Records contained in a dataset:
===============
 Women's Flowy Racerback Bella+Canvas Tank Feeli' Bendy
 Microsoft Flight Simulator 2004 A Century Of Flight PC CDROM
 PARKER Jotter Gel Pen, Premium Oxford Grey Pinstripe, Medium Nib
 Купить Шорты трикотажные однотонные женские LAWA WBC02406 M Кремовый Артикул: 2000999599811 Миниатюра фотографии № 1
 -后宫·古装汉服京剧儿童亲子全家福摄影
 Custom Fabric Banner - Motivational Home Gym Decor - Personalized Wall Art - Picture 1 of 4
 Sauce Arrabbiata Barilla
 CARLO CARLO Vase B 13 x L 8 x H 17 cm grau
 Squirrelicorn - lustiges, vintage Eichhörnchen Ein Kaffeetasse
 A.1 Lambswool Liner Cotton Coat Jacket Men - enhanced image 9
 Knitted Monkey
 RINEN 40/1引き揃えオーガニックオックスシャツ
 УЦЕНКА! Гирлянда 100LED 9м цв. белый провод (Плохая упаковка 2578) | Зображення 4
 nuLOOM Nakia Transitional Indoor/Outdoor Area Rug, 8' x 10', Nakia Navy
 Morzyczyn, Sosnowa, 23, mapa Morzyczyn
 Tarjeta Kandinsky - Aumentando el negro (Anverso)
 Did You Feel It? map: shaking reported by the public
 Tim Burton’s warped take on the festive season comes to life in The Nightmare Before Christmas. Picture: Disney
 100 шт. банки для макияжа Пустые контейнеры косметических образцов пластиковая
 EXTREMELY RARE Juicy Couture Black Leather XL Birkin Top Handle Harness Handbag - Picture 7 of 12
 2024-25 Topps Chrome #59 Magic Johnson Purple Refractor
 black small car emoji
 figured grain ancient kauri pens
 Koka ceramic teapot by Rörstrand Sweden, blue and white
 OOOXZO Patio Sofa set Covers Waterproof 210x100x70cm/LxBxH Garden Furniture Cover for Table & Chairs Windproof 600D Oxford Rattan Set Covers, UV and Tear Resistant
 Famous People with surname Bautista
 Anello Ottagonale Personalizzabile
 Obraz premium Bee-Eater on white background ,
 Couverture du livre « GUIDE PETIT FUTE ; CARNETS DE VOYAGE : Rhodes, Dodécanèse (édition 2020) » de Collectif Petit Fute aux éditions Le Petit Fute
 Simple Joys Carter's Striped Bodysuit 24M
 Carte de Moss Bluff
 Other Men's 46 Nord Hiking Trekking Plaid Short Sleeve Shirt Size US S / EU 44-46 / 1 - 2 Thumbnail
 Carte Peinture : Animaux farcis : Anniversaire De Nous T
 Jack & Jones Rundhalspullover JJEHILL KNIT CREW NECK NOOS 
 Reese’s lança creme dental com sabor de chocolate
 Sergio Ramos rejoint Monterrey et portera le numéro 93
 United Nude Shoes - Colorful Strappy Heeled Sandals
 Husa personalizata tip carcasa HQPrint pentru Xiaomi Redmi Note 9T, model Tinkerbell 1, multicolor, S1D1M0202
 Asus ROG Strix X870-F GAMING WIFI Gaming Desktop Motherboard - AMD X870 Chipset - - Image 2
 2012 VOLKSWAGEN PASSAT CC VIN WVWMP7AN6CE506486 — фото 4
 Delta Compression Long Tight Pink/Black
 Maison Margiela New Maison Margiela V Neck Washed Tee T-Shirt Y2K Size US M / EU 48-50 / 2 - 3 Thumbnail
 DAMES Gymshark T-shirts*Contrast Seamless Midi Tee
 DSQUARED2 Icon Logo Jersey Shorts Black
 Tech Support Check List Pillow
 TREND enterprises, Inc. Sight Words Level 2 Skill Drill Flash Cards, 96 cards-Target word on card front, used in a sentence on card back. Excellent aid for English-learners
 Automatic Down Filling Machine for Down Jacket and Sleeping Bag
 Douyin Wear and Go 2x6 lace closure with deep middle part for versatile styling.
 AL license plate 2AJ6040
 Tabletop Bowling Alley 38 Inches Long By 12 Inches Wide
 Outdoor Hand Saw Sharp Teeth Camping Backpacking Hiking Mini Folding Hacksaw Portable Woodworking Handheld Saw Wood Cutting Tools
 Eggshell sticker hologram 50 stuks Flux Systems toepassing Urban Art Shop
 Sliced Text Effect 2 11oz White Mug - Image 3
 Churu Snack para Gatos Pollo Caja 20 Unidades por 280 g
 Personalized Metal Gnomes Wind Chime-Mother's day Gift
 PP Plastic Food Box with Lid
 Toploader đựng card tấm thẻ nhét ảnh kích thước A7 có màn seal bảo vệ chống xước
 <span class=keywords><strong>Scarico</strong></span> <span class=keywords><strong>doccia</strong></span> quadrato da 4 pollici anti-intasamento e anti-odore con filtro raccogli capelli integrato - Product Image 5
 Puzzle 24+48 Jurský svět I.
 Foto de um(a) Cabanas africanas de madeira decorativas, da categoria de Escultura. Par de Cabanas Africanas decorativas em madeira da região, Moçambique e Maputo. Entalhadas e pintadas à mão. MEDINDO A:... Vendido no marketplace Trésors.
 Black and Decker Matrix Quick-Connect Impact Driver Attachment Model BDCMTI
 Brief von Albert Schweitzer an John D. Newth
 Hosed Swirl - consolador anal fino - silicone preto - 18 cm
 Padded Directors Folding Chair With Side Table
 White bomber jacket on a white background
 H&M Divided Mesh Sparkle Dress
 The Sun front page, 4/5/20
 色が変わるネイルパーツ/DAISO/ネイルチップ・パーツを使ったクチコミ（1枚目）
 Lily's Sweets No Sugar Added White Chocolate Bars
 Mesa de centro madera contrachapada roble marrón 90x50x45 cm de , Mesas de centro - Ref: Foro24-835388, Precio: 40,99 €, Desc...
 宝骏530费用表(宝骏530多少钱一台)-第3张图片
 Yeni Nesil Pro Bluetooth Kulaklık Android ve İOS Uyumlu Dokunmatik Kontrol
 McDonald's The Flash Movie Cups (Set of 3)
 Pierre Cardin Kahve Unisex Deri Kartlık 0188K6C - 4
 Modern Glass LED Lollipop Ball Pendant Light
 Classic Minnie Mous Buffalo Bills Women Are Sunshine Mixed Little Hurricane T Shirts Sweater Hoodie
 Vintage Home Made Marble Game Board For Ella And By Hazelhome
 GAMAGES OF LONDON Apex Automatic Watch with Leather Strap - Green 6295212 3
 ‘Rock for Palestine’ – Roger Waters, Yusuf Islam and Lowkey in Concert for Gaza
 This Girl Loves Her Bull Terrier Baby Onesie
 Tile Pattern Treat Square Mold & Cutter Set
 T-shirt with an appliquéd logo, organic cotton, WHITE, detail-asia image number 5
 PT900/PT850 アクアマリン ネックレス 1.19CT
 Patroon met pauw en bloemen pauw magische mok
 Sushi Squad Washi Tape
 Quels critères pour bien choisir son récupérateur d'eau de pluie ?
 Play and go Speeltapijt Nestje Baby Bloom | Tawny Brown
===============
Problem details:
Write out exactly the lines above between the line with "Jack & Jones" and the line with "Delta Compression Long Tight Pink/Black", inclusive, and nothing beyond them.

Completed task:
 Jack & Jones Rundhalspullover JJEHILL KNIT CREW NECK NOOS 
 Reese’s lança creme dental com sabor de chocolate
 Sergio Ramos rejoint Monterrey et portera le numéro 93
 United Nude Shoes - Colorful Strappy Heeled Sandals
 Husa personalizata tip carcasa HQPrint pentru Xiaomi Redmi Note 9T, model Tinkerbell 1, multicolor, S1D1M0202
 Asus ROG Strix X870-F GAMING WIFI Gaming Desktop Motherboard - AMD X870 Chipset - - Image 2
 2012 VOLKSWAGEN PASSAT CC VIN WVWMP7AN6CE506486 — фото 4
 Delta Compression Long Tight Pink/Black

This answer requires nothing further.